Data records
----------------
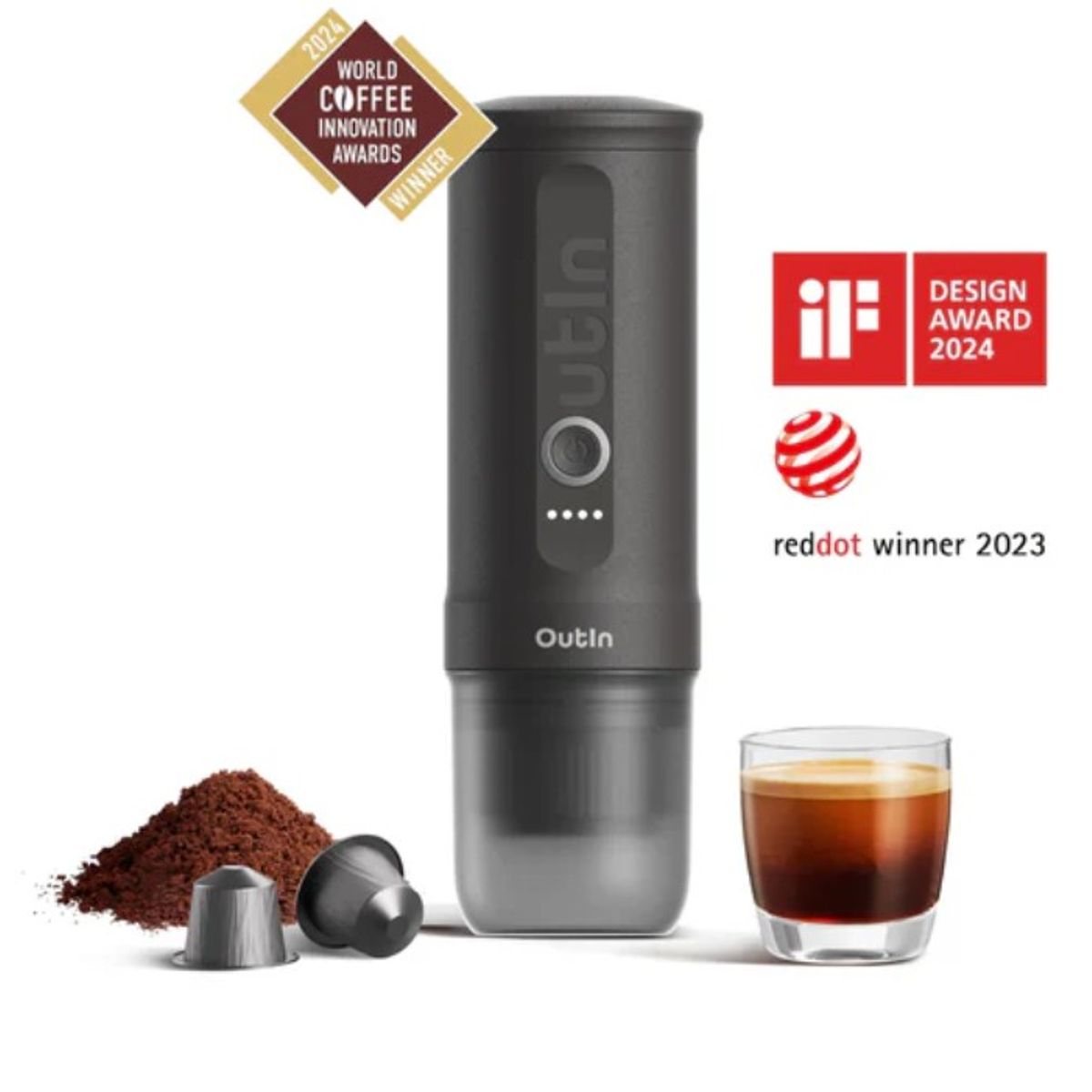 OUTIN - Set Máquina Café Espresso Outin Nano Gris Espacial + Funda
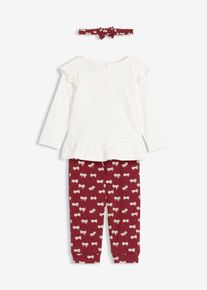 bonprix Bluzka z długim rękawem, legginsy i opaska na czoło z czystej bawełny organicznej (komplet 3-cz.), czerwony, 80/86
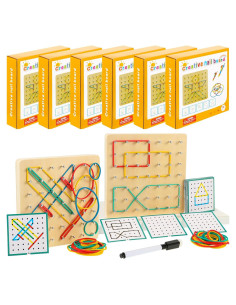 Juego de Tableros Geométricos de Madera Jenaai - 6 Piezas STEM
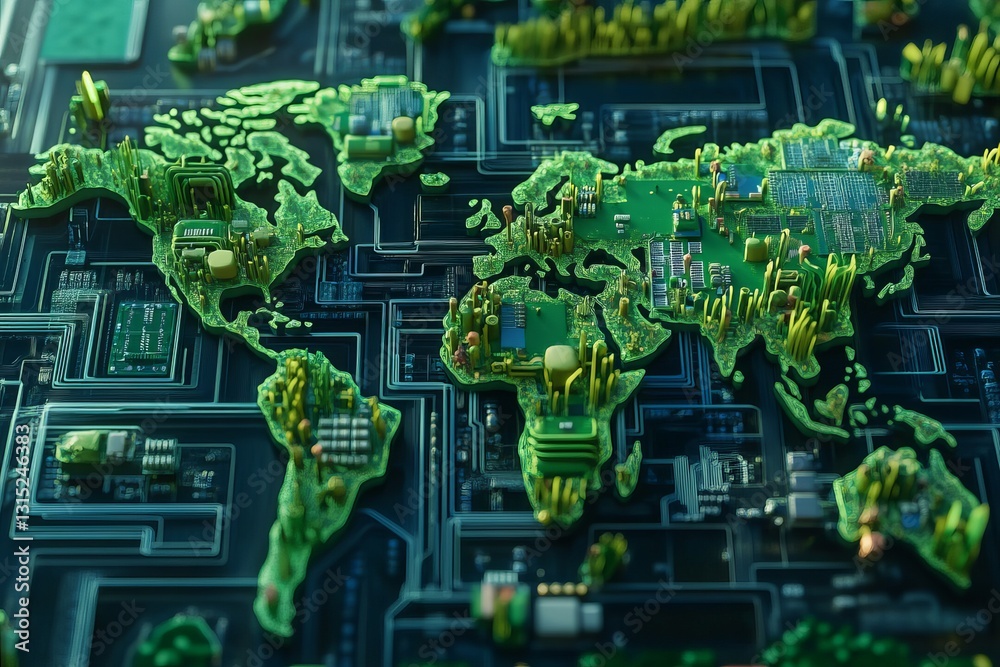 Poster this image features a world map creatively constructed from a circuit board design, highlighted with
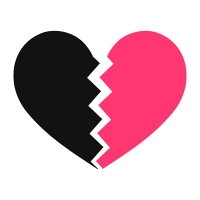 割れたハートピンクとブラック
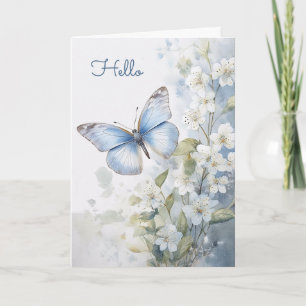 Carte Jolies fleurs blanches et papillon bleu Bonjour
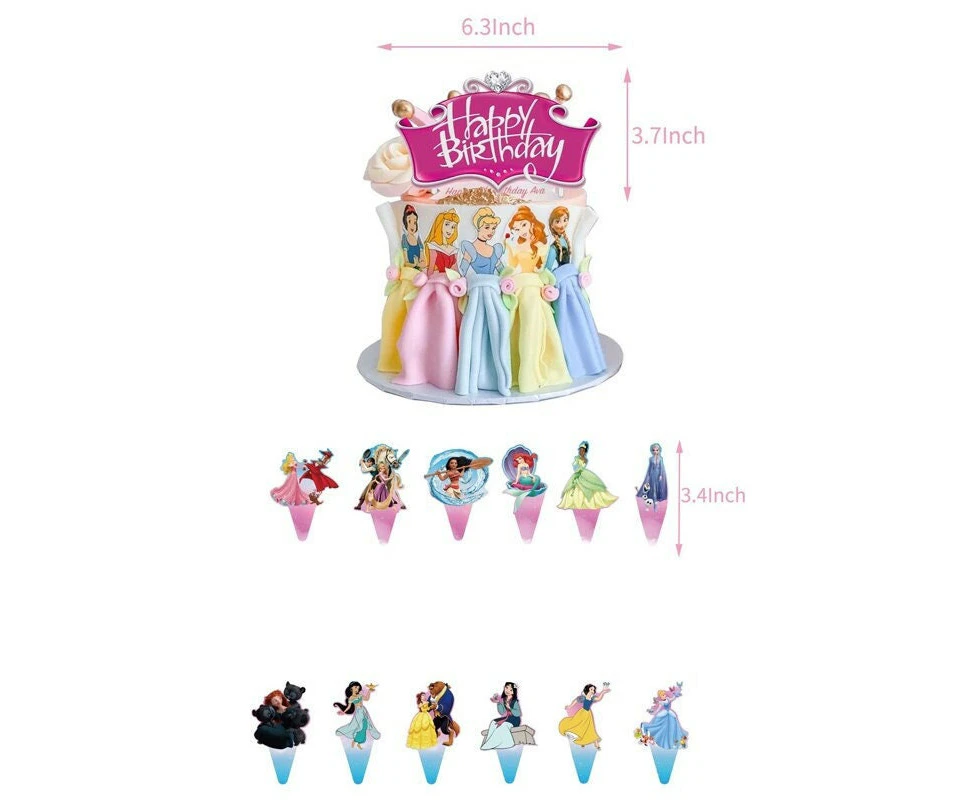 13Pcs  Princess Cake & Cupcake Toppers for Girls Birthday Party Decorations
----------------
> [PROMPT]
Each entry above must be repeated word for word, minus its images.

> [SOLUTION FOR THIS EXERCISE]
 OUTIN - Set Máquina Café Espresso Outin Nano Gris Espacial + Funda
 bonprix Bluzka z długim rękawem, legginsy i opaska na czoło z czystej bawełny organicznej (komplet 3-cz.), czerwony, 80/86
 Juego de Tableros Geométricos de Madera Jenaai - 6 Piezas STEM
 Poster this image features a world map creatively constructed from a circuit board design, highlighted with
 割れたハートピンクとブラック
 Carte Jolies fleurs blanches et papillon bleu Bonjour
 13Pcs  Princess Cake & Cupcake Toppers for Girls Birthday Party Decorations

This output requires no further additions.